Choose waffles not pies when visualizing parts of a whole

Which region in New Zealand has the highest share of Baby Boomers?

Apr 28, 2024

Autonomous Econ is a newsletter that empowers economists and policy analysts by equipping them with Python and data science skills. The content is designed to boost their productivity through automation and transform them into savvier analysts.

Upcoming posts will roughly be split between practical guides (80 percent) and data journalism pieces where I demonstrate the tools (20 percent).

If you find the content valuable, please consider becoming a free subscriber by clicking on the button below.

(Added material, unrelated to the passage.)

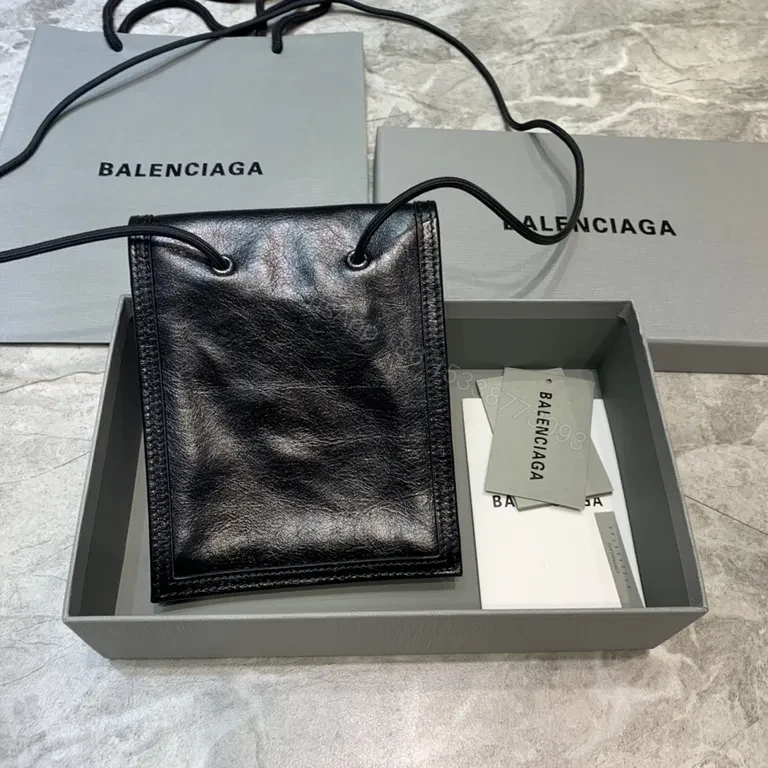 View 3 of Polished Leather Crossbody â€” Compact, Premium Everyday Style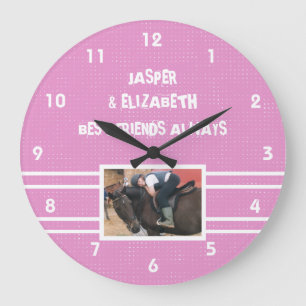 Beste vrienden paarderen altijd roze foto's en wit grote klok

This is the first of a series of posts (Non-Normie Plots) on how to build some not so common but effective plots using Python, so that your visualizations can really stand out. The types of plots I aim to cover are used extensively by publications like The Economist and The New York Times, but can be tricky with traditional tools like Excel. I will include a notebook template with each post so that you can easily apply it to your own data.

In the first edition, I will illustrate how to create waffle plots with a Python package called pywaffle. I will dive into some demographic data of New Zealand to visualize the generational makeup of the country. By the end of it, I will produce multiple waffle plots of different regions where we have the highest concentration of Baby Boomers (those born between 1946 and 1964), Millennials (1981-1996), and Gen Zers (1997-2012).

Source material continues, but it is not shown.